Entries provided:
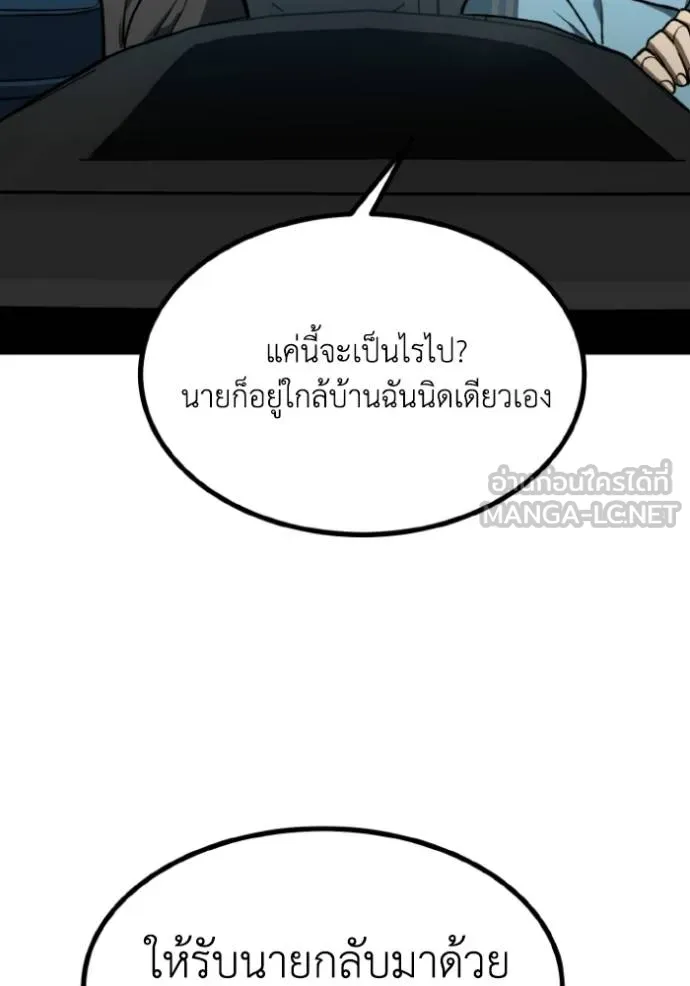 ราชาแห่งอ็อกทากอน ตอนที่ 140 รูปที่ 36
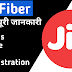 Jio Fiber Plans, Price के बारे में पूरी जानकारी और Jio Fiber Book कैसे करे ?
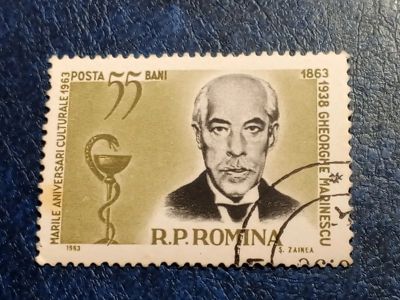 Лот: 25649841. Фото: 1. - Марки для Вашей коллекции. лот... Марки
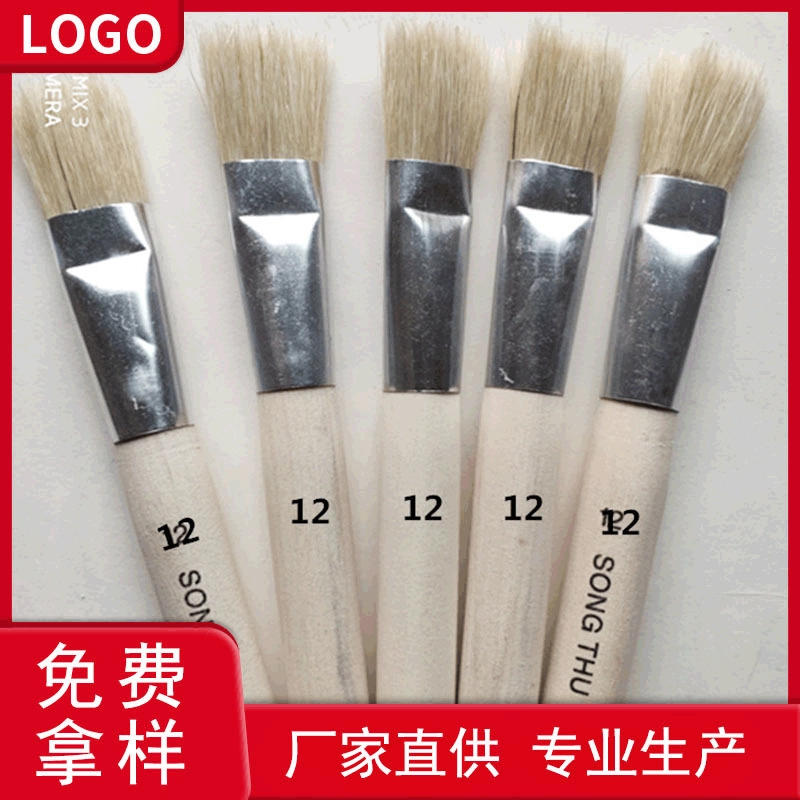 Кисть для нанесения клея на обувь. Ручная кисть для клея, специальная электрическая кисть с деревянной ручкой, полая кисть для ручного нанесения клея.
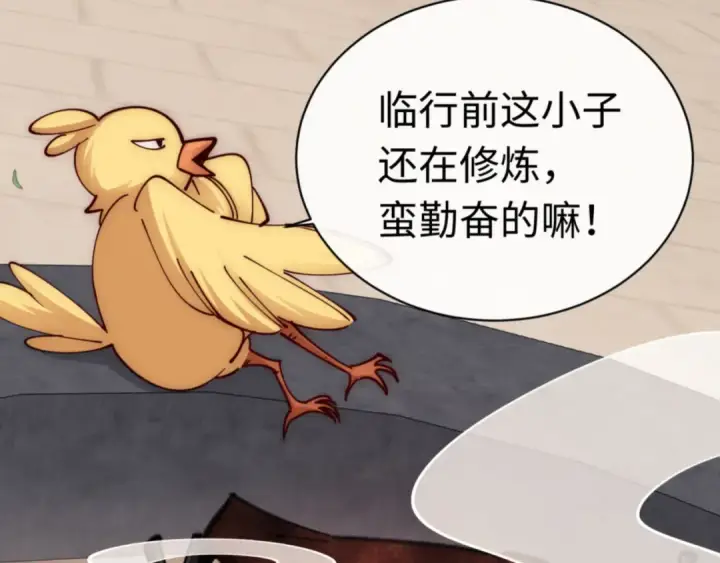 《师尊：这个冲师逆徒才不是圣子》第32话 你这逆徒有点飘啊！图100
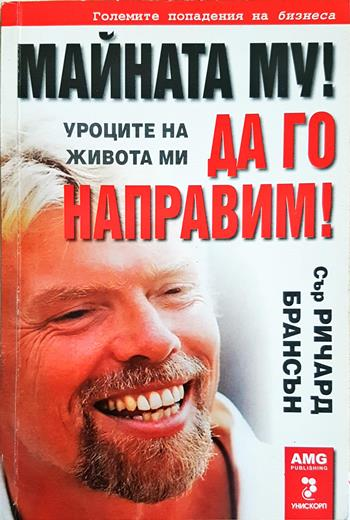 Майната му! Да го направим! Уроците на живота ми (2249)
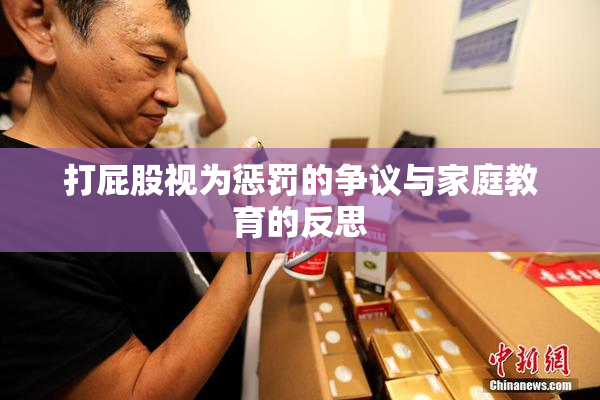 打屁股视为惩罚的争议与家庭教育的反思
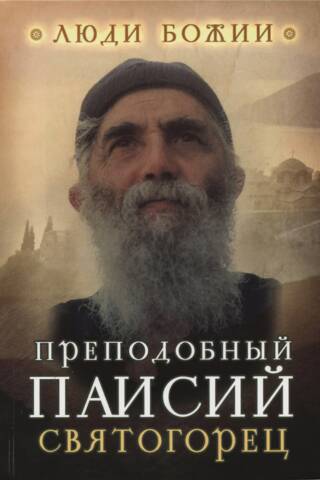 Venerable Paisius the Athonite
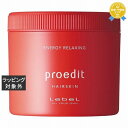 ルベル プロエディット ヘアスキンエナジーリラクシング 360g | 最安値に挑戦 Lebel ヘアエッセンス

What to work on: Output nothing but the records, word for word, and none of their pictures.

Answer to the exercise:
 ราชาแห่งอ็อกทากอน ตอนที่ 140 รูปที่ 36
 Jio Fiber Plans, Price के बारे में पूरी जानकारी और Jio Fiber Book कैसे करे ?
 Лот: 25649841. Фото: 1. - Марки для Вашей коллекции. лот... Марки
 Кисть для нанесения клея на обувь. Ручная кисть для клея, специальная электрическая кисть с деревянной ручкой, полая кисть для ручного нанесения клея.
 《师尊：这个冲师逆徒才不是圣子》第32话 你这逆徒有点飘啊！图100
 Майната му! Да го направим! Уроците на живота ми (2249)
 打屁股视为惩罚的争议与家庭教育的反思
 Venerable Paisius the Athonite
 ルベル プロエディット ヘアスキンエナジーリラクシング 360g | 最安値に挑戦 Lebel ヘアエッセンス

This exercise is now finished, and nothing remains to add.